Task requirements
Look through the entries below and copy exactly the part that begins with the line containing "场内配资 陆军官兵持续救援,广西贵港教育园区受困师生完成转移" and ends with the line containing "Art Therapy for". Do not copy the pictures.
»»
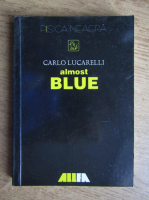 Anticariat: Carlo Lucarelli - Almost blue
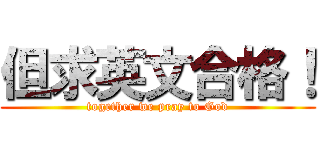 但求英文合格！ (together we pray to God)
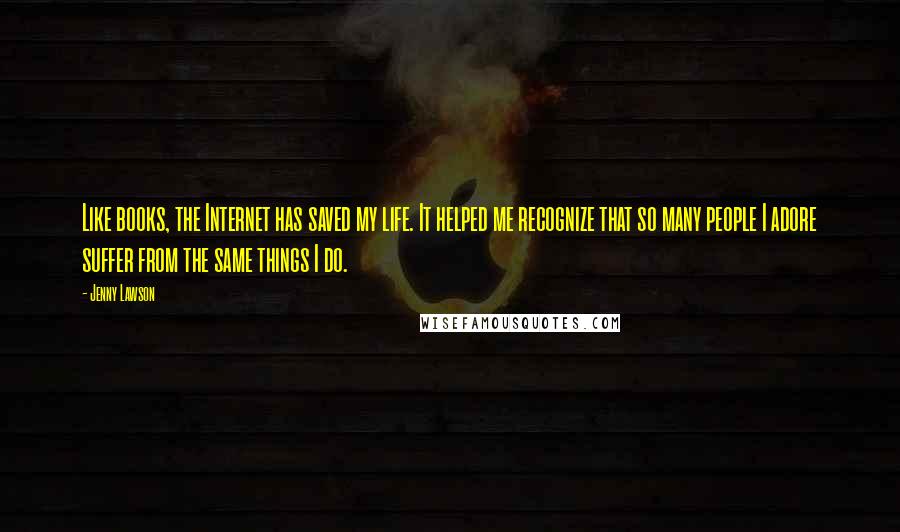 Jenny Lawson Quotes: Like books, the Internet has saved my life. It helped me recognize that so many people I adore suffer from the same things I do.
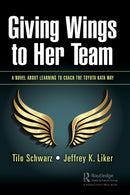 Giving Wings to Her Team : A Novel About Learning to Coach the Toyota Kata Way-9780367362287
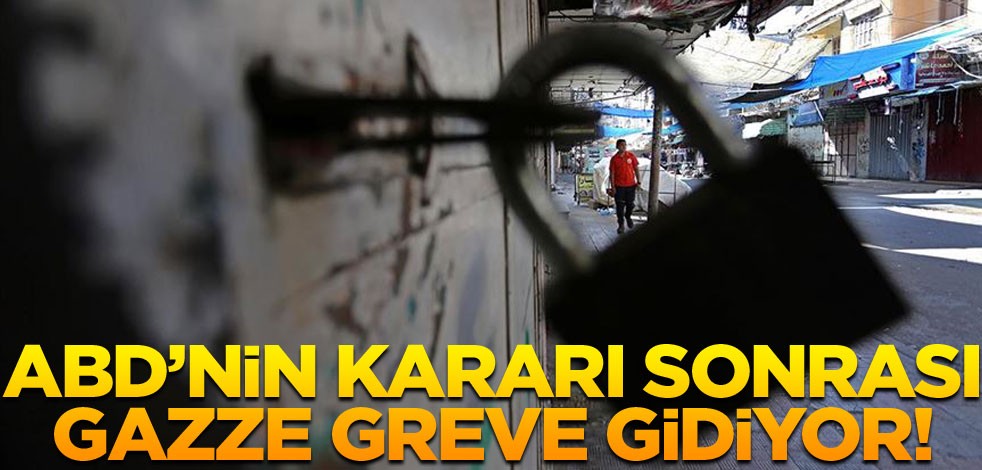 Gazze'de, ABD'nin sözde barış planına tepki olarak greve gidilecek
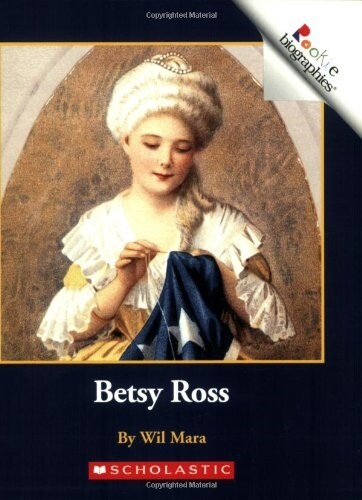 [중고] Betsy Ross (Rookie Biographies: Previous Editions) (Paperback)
««
»»
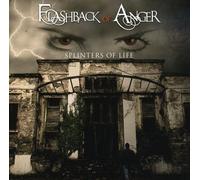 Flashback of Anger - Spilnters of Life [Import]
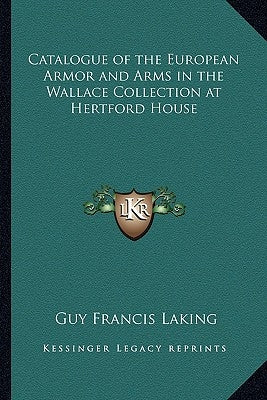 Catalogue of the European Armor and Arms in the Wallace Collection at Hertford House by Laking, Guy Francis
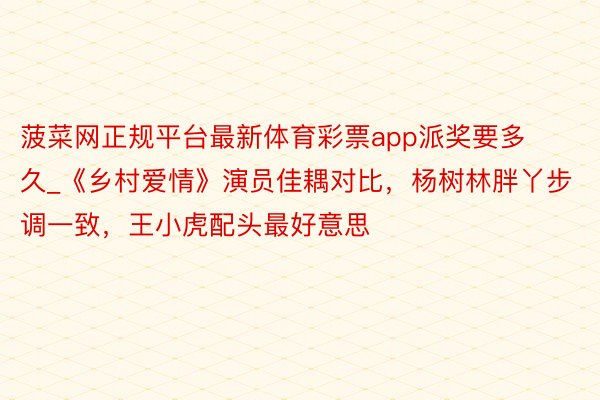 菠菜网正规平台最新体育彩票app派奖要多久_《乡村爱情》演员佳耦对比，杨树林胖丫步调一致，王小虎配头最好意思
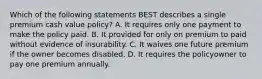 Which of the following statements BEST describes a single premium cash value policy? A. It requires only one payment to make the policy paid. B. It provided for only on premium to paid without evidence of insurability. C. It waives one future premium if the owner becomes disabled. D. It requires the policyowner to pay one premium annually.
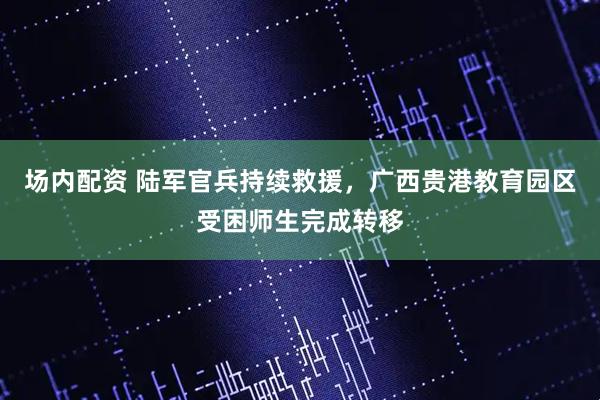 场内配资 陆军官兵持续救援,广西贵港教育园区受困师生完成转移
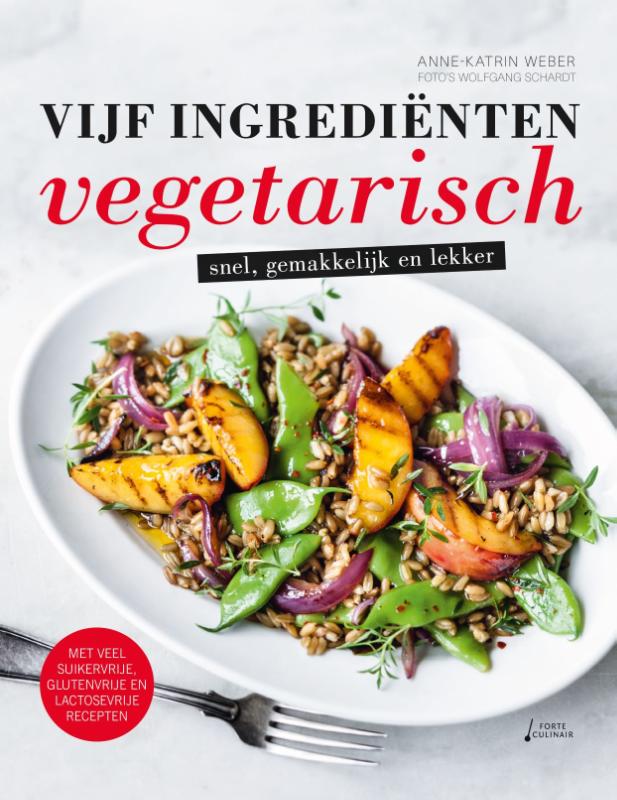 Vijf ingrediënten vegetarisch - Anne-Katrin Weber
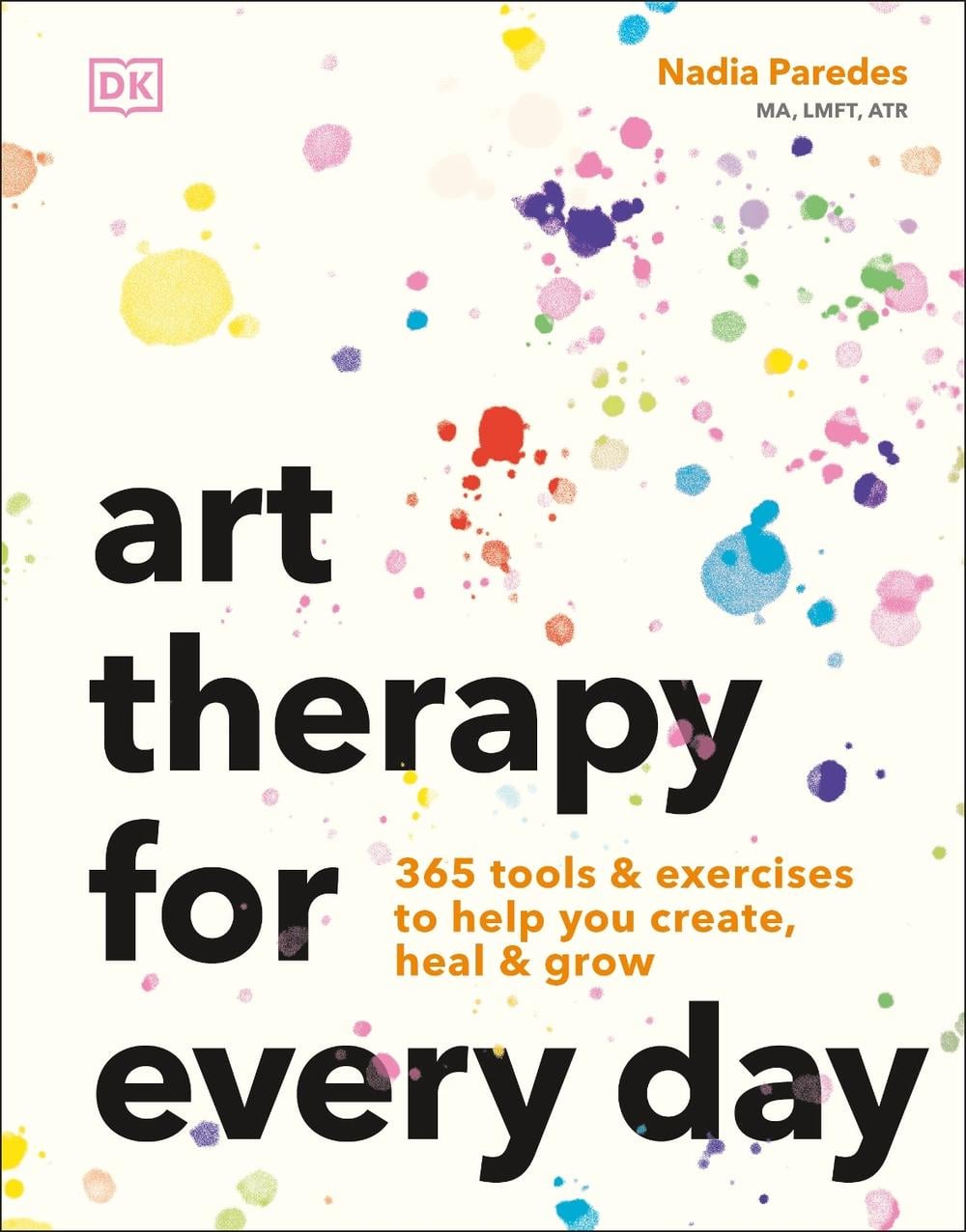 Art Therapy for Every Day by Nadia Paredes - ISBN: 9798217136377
««
Solution below
 场内配资 陆军官兵持续救援,广西贵港教育园区受困师生完成转移
 Vijf ingrediënten vegetarisch - Anne-Katrin Weber
 Art Therapy for Every Day by Nadia Paredes - ISBN: 9798217136377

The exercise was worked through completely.